Is there some issue with this approach that I'm missing? Is the additional process overhead really enough that it's worth bending over backwards to avoid it?




As others have mentioned, it's too slow for what the author was trying to achieve. He had a section where he ruled out cgo for performance reasons, so if that's too slow, spawning a child process will be much slower. That may not matter for your use case, but the author is clearly aiming for almost no overhead considering how easy it is to use cgo to call into Rust.

The thing that should probably be said is that the difficulty is all on the Go side. Rust doesn't have any of the clumsiness that Go has when interacting with other languages. It's fully fluent in the lingua-franca of FFI (C ABI). If you were integrating your Ruby, Node or Python code with Rust instead of Go, there are nice libraries [1][2][3] that make it simple, easy and very low overhead.

For users of these scripting languages, Rust is a nice tool to keep in your back pocket to pull out in the rare cases that you're not getting the performance you need. It means being able to choose your tools based solely on developer ergonomics and existing team knowledge knowing that in the rare cases that you do need do something computationally intensive, you can drop to Rust, push everything through a Rayon parallel iterator, write the performance-sensitive logic and push the result back. It's also really useful to use Rust in environments like Lambda/Cloud Functions that only support those scripting languages since those environments tend to charge based on memory and CPU time and Rust makes it easy to get by with a minimum of both.

[1] https://github.com/tildeio/helix (Ruby)

[2] https://github.com/neon-bindings/neon (Node)

[3] https://github.com/pyo3/pyo3 (Python)


Well, the stated goal was to use rust for small hotspots. These hotspots could take very little time but are called a lot, so the overhead of creating a process / communicating with another process can be quite a lot (think of a function called in a tight inner loop)


That sounds like it could be a nightmare for error handling! How do you work with that? And aren't a great many performance benefits lost when you restrict Go to stdout?

I would think it would be better overall to just create a local http server in Go and use that instead. Or sockets if you're feeling up to it.


The only performance issues with stdout is if you write to a console, the console is rendering it.

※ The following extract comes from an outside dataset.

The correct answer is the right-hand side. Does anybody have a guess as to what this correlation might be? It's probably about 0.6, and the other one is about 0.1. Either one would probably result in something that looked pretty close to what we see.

For example, printing 100000 lines of `Hello World!` to stdout takes 2.134 seconds when output to a console on my computer, 43 milliseconds when redirected to `nul`, (the equiv of > /dev/nul), and 276 milliseconds when redirected to a file. So saying stdout is a performance issue is just FUD. Now, there's still issues with error handling, but that can be solved by implementing a message protocol over stdin/stdout, and you still have a cost associated with launching the binary, but that can similarly be replaced with message protocol over stdin/stdout, allowing the same running instance to serve multiple requests.


The executable has really simple output--it either works and outputs json, or doesn't and outputs nothing--so there's no difficulty with error handling. I guess I can understand wanting tighter integration for more complex scenarios though... an http server is an interesting idea, but could you run into issues with ports being restricted on production servers?

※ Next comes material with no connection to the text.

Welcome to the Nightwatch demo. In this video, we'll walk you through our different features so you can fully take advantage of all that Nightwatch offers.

I'm not seeing any performance issues with stdout, but I'm also not writing much data.


> but could you run into issues with ports being restricted on production servers

Sorry, what? Just make the port configurable?


It was a question (note the question mark)... I don't see the need for snark.

Anyway, for my purposes, this wouldn't work, since the executable is embedded in libraries that are meant to run anywhere without any configuration. But yeah I could see that being fine under other circumstances I guess.


No snark. Just puzzled. You can still just make it configurable. Or just pick a random port and communicate it with your child process.